FMEA Schritt 6: Risiko als Wissenslücke verstehen! Risikominimierung durch Wissensgenerierung und -Anwendung

Fragen Sie drei Normen, was ein Risiko ist, und keine sagt Ihnen, was morgen früh zu tun ist. Dieser Beitrag definiert Risiko operationalisierbar als Wissenslücke und zeigt, wie Schritt 6 der FMEA das Risiko minimiert: durch Wissen, das erzeugt und in der Auslegung angewendet wird. So wird aus der Maßnahmenliste ein Plan, der Robustheit schafft, statt Zuversicht zu dokumentieren.

Risiko minimieren, indem Wissenslücken durch erzeugtes und angewendetes Wissen geschlossen werden (AIAG-VDA Schritt 6).

Fragen Sie drei Normen, was ein Risiko ist, und Sie erhalten drei Antworten, von denen keine sagt, was morgen früh zu tun ist. ISO 31000 spricht von der Auswirkung von Unsicherheit auf Ziele. ISO 9001 fordert risikobasiertes Denken, eine Haltung, keine Methode. Das AIAG-VDA Handbuch beschreibt sieben Schritte samt Schritt 6 Optimierung, liefert aber keine operationalisierbare Definition, die Ihre Maßnahmen steuert. In der Praxis lesen sich Vermeidungsmaßnahmen dann wie Wunschdenken: hat bisher gehalten, sollte passen, hat sich noch niemand beschwert. Wer das Risiko wirklich minimieren will, muss Wissen erzeugen und es in der Auslegung anwenden. Ohne diese Doppelbewegung bleibt jede Maßnahme Deklaration.

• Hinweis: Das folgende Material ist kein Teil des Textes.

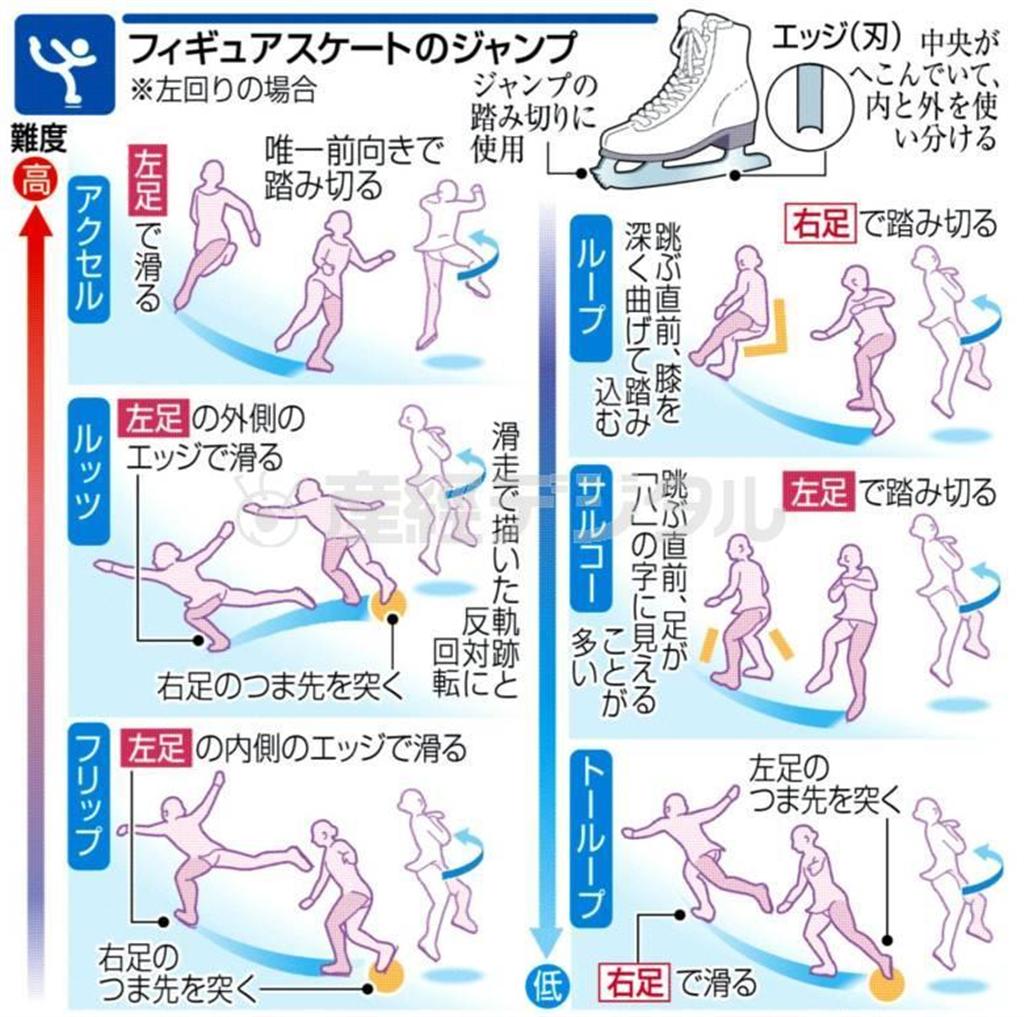 フィギュアスケートのジャンプ＝２０１４年２月１７日現在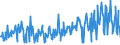 CN 10082900 /Exports /Unit = Prices (Euro/ton) /Partner: Malta /Reporter: Eur27_2020 /10082900:Millet (Excl. Grain Sorghum, and Seed for Sowing)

Dieser Beitrag liefert eine operationalisierbare Risikodefinition und zeigt, wie Schritt 6 der FMEA das Risiko minimiert: durch Wissen, das erzeugt und in der Auslegung angewendet wird, jeweils mit Methode, Verantwortlichem und Termin. Danach unterscheiden Sie im FMEA-Team sicher zwischen einem Wissensplan, der Robustheit schafft, und Wunschdenken, das nur Zuversicht dokumentiert.

Warum die Norm-Definitionen für FMEA Schritt 6 nicht ausreichen


ISO 31000 (2018) definiert Risiko als die Auswirkung von Unsicherheit auf Ziele. Das ist präzise, aber abstrakt. ISO 9001 (2015) verankert risikobasiertes Denken als Grundhaltung, ohne eine Methode vorzugeben. Das AIAG-VDA Handbuch (2019) strukturiert die FMEA in sieben Schritte, ersetzt in der Risikobewertung die Risikoprioritätszahl (RPZ) durch die Aufgabenpriorität (AP) und benennt Schritt 6 als Optimierung. Was in keiner dieser Definitionen steht: was ein Risiko konkret handhabbar macht.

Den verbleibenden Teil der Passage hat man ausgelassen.